CHAMONIX (AFP) - Déchiré, nostalgique ou simplement résigné, le monde du secours en montagne de Chamonix se sépare samedi de sa "grande dame", l'hélicoptère de légende "Bravo Lima", dont le bourdonnement a résonné dans la vallée pendant 32 ans.
"C'est la quintessence de l'hélicoptère. Du fait de cette longévité sur le massif du Mont-Blanc, c'est sûrement l'hélicoptère qui a sauvé le plus de vies au monde", a déclaré le commandant de la section aérienne de la gendarmerie de Lyon, Emmanuel Sillon. Avec plus de 15.000 heures de vol dans ce temple de l'alpinisme, cette Alouette III a secouru 16.000 personnes depuis 1972.

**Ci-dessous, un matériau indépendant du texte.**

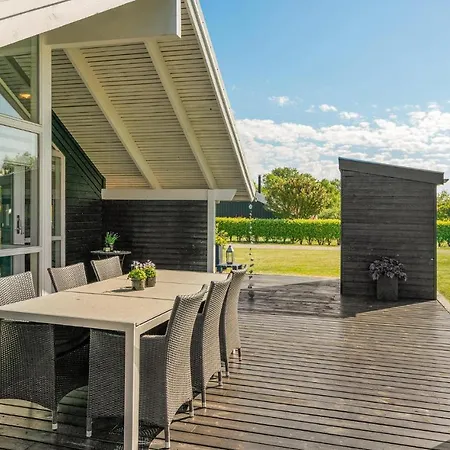 3 Bedroom Cozy In Sydals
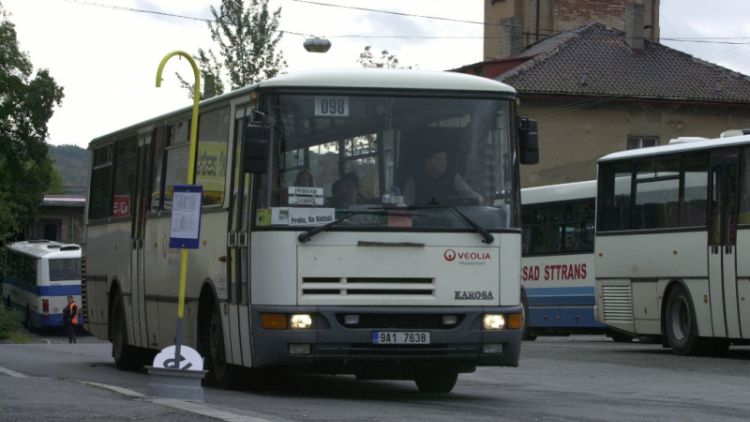 Na Plzeňsku shořel bus, který vezl školáky, nikomu se nic nestalo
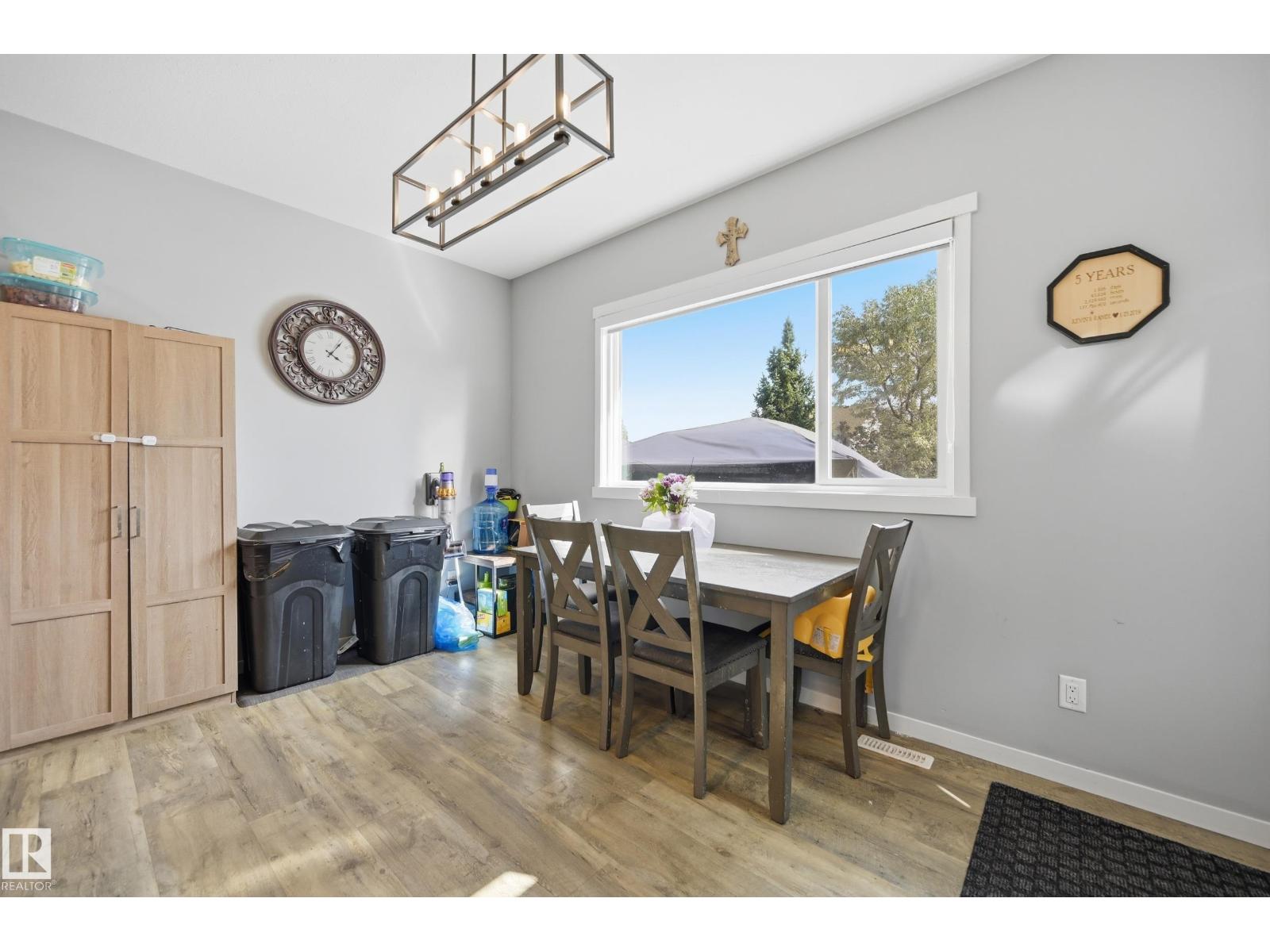22135 96 AV NW - 13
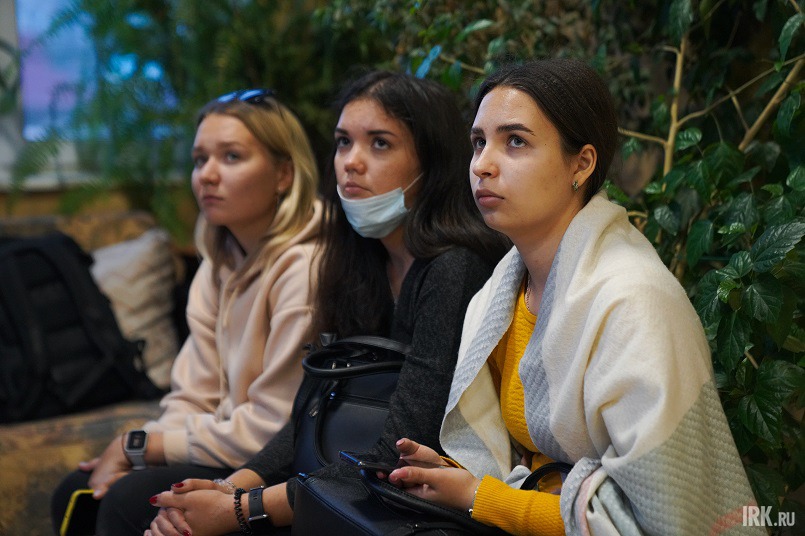 Он провел экскурсию для студентов Школы межэтнической журналистики ИГУ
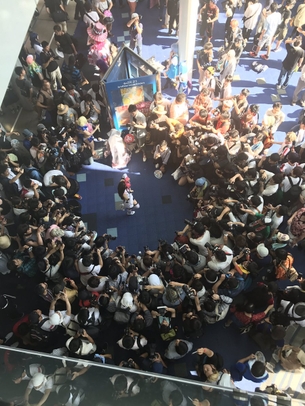 月収200万の人気コスプレイヤーえなこ（23）コスプレ会場に突如降臨した写真わろたwww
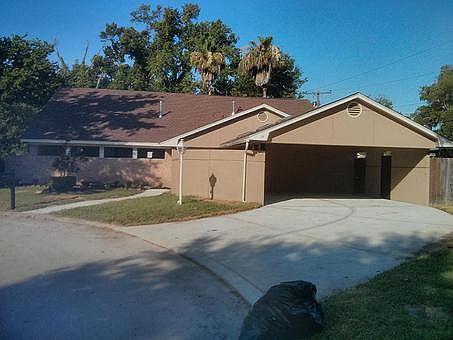 1st image of 808 Lexington Dr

"Bravo Lima, c'était le secours en montagne", souligne l'adjudant-chef Jean-Yves Claudon, secouriste du Peloton de gendarmerie de haute montagne (PGHM). "C'était un bruit caractéristique que tous les gens de la vallée connaissaient".

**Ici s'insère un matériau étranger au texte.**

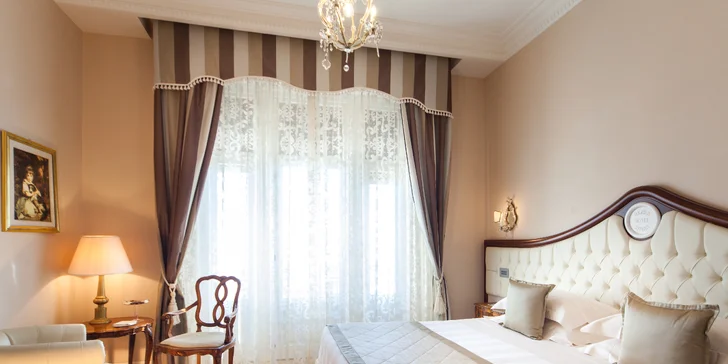 5* Grand Hotel Rimini: poloha hned u pláže, bazén, italské snídaně a úžasná atmosféra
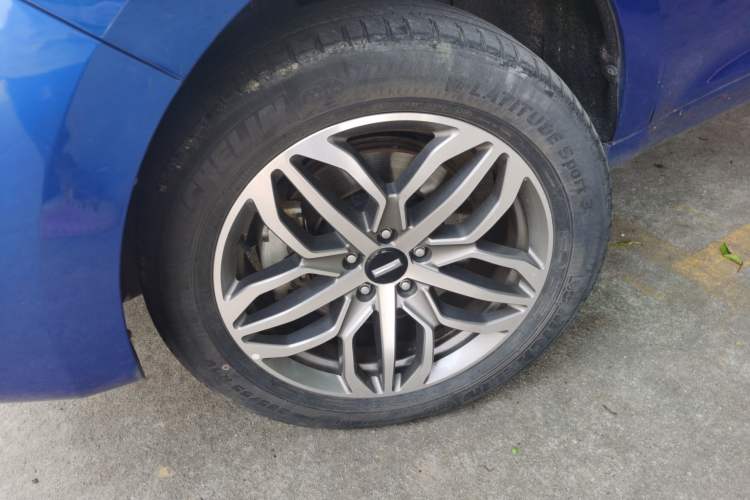 Used Wey VV5 2019 Upgraded Model 2.0T Two-Wheel Drive Ultra-Luxury Version China V Standard Left Front Wheel Hub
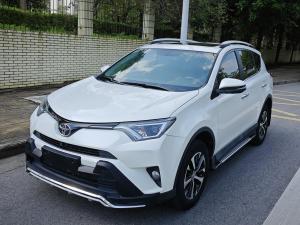 Toyota RAV4 2017 Бензин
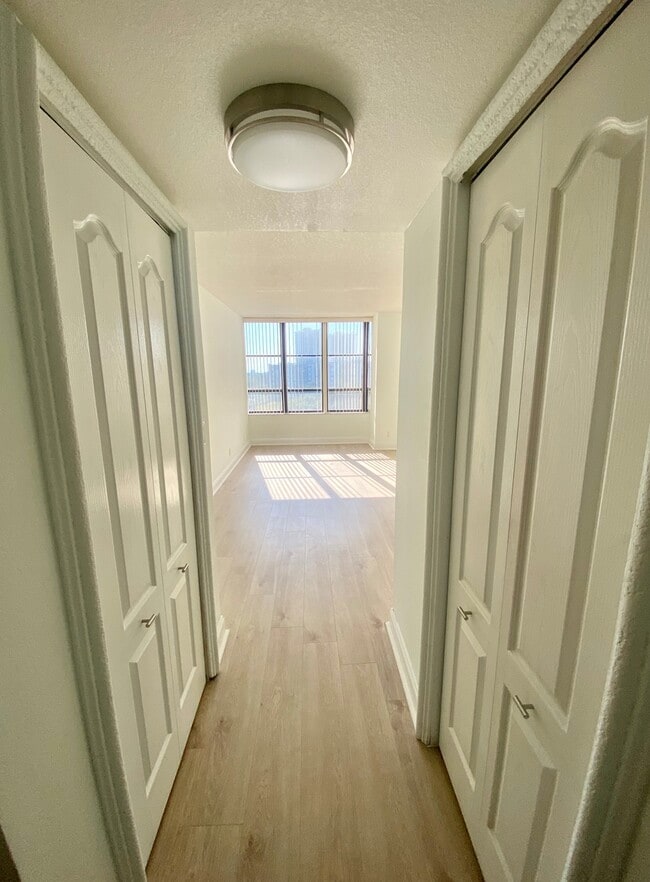 Building Photo - 500 Three Islands Blvd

Véritable "Rayon de soleil" pour les alpinistes en perdition, "Bravo Lima", agile et légère, a inlassablement survolé goulets et séracs, s'immobilisant en vol stationnaire contre les parois pour hélitreuiller une victime.
Elle ne nous a jamais trahi, il n'y a jamais eu aucun accident, c'est une machine qui porte chance", déclare le pilote Hervé Fabry.
Pilotes, mécaniciens-treuillistes et secouristes, qui montent à son bord au gré des missions, diront adieu avec émotion, samedi 8 mai à Chamonix, à celle qu'ils surnomment tantôt "Mémère", tantôt "Pépette" ou encore "Titine".
"C'est comme la fin d'une grande histoire d'amour", confie le jeune secouriste Alexandre Grether, "c'est une grande dame du PGHM, je suis très fier d'avoir croisé son chemin".
En 32 ans, elle a tout doucement atteint un statut presque humain, explique le commandant du PGHM, Nicolas Bonneville, "c'est rare qu'une machine perdure aussi longtemps; tout doucement une légende s'est créée".
"C'était un peu la fille de tous les pilotes, une personne à part entière", ajoute l'adjudant-chef Didier Méraux, qui pilote "Bravo Lima" depuis douze ans.
Dès ses débuts, l'Alouette a constitué un véritable espoir pour tous ceux qui avaient assisté à l'agonie en 1956 de Jean Vincendon et François Henry, deux alpinistes restés bloqués douze jours sur les contreforts du Mont-Blanc, et que l'on ne pouvait alors atteindre. Aujourd'hui, 80% des interventions sont héliportées.
Produite depuis 1961, l'Alouette III est devenue une "figure emblématique" à Chamonix, selon le secouriste Alain Darrhort, 56 ans, qui prendra sa retraite en même temps que l'appareil.
Parmi les peluches qui ornent le cockpit de "Bravo Lima", un petit lion, oublié dès 1972 par le fils d'un pilote, fait figure de porte-bonheur pour un équipage parfois superstitieux.
"Il y a un aspect affectif, sensuel avec cette machine", poursuit le lieutenant Fabry. "Il y a aussi un aspect mythique, c'était une grande fierté de s'asseoir dans le siège où se sont assis tous les grands pilotes de la gendarmerie", observe encore le pilote.
"Pour toute notre génération, elle est irremplaçable", renchérit le mécanicien-treuilliste Christian Bare-Guillet, qui la "bichonne" depuis neuf ans. "Si cela avait été possible de garder la même cabine et de la remotoriser...", ajoute-t-il.
L'Alouette bleue est remplacée à Chamonix par le nouvel EC145 d'Eurocopter, opérationnel depuis quatre mois. Elle rejoindra Lyon le 10 mai, avant de prendre sa retraite vers 2006 et d'occuper, comme beaucoup l'espèrent, une place au musée de l'Air et de l'Espace du Bourget.
"C'est une page qui se tourne", estime l'adjudant-chef Claudon, "mais le grand livre de la montagne reste ouvert".